(Collected data)
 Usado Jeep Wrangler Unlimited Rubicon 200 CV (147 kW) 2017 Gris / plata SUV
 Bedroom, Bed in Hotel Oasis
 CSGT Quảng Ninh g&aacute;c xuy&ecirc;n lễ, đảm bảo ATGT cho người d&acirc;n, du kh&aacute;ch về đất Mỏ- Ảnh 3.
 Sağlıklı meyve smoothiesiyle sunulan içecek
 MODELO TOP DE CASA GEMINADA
--
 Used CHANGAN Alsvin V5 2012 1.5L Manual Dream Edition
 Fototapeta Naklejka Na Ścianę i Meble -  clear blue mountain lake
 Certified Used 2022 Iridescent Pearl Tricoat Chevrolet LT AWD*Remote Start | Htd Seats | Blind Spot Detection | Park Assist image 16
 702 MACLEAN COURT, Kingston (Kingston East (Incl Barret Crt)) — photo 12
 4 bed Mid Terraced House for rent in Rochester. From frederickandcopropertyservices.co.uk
* * *
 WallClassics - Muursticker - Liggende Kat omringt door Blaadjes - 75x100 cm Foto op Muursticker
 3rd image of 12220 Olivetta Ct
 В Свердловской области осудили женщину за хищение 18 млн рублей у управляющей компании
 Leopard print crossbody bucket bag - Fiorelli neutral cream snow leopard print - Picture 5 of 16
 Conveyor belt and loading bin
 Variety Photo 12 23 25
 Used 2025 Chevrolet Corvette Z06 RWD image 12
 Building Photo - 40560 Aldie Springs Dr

**REQUIRED ACTION**:
From the records above, print exactly the lines that run from the line with "Fototapeta Naklejka Na" to the line with "4 bed Mid Terraced", inclusive.

**EXERCISE ANSWER**:
 Fototapeta Naklejka Na Ścianę i Meble -  clear blue mountain lake
 Certified Used 2022 Iridescent Pearl Tricoat Chevrolet LT AWD*Remote Start | Htd Seats | Blind Spot Detection | Park Assist image 16
 702 MACLEAN COURT, Kingston (Kingston East (Incl Barret Crt)) — photo 12
 4 bed Mid Terraced House for rent in Rochester. From frederickandcopropertyservices.co.uk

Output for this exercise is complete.